I hope someone can take the time to read this and help.

I am new to the world of bodybuilding, well actually I have been doing basic weight training and cardio for a few weeks now. However, my diet is VERY WRONG and very Bad.

I am currently in Asia, unfortunately the knowledge about proper nutrition to fuel bodybuilding is very limited, biased and commercialized.

I keep a training log and also have recent pictures, which I will share with all of you on here. I also have my body measurements which I will post at the end of this message.

My goal is to reduce my bodyfat, build strength and supplement my weight training with a diet which helps me grow in size and strength.

I am NOT expecting overnight or even immediate short term. I just want to eat well so that my effort into weight training is not useless.

My workout schedule is:

Weights: Mon/Wed/Fri 830pm-10pm
Cardio: Tue/Saturday Evening

I have a few dietary restrictions which I will post below, and then give you a brief outline of my current meals

-I do NOT eat seafood, beef, or any fish due to allergies to them

-I enjoy eating Chicken, Eggs, and all Veggies, Breads, Cheese, Milks, Dairy Products

-My lunch has to be vegetarian as I work in an office where no meat is allowed due to religious reasons (this is Asia, we do have such unwritten rules! in some places)
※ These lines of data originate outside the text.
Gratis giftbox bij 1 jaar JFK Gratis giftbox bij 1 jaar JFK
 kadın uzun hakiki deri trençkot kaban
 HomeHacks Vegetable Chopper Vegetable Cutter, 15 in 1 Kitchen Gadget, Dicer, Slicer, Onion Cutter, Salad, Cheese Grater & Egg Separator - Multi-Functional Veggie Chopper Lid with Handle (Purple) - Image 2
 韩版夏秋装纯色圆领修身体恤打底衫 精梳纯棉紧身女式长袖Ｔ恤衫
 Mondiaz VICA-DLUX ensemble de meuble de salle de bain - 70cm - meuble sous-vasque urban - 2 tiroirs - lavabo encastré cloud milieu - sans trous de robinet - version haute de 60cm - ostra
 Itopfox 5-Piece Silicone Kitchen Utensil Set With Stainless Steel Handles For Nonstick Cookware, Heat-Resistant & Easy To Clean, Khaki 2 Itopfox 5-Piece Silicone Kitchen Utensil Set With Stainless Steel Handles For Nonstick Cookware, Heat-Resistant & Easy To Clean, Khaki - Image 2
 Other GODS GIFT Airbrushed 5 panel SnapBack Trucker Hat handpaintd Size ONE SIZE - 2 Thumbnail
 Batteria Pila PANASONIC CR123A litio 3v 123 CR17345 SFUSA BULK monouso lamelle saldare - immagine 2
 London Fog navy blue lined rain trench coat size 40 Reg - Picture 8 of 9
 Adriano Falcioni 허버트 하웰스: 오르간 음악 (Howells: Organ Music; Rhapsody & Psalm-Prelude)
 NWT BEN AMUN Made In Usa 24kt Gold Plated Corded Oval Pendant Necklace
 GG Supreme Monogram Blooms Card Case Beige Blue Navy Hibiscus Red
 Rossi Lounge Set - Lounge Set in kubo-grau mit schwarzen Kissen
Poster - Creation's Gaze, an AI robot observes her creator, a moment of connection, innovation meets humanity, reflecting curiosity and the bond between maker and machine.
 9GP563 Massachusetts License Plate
-I have access to Whey Protein powder, Flax Seed Oil Tablets, Amino Acid Tablets

Ok, let me tell you what I currently eat for my meals

Breakfast: 930am: A cup of wheat flakes with a cup of skim milk

Lunch: 130pm: Cooked potato, green peas, lentil soup, white cooked bread

Snack:6pm: Usually junk, once in a while two fried eggs (medium sized eggs) and two slices of brown bread

Workout: 830-10pm

1030pm: One scoop whey protein with water

11pm: Grilled chicken and whole wheat toast

12am or so BED

So as you see my diet is very bad, and then my post workout meal is my last meal of the day.

I was hoping someone could help:

-suggestions on what type of foods and quantities I should get into each meal slot

-if i need to add any meal slots

-if I need to change my pre workout 'snack', and how it should vary on cardio and weight days

-How/When I should use my supplements, i.e. whey powder, amino acid tablet, flax seed oil tablet, multivitamin

-Any other suggestions

I am not being lazy, its just that there is a LOT of information out there and it is really information overload.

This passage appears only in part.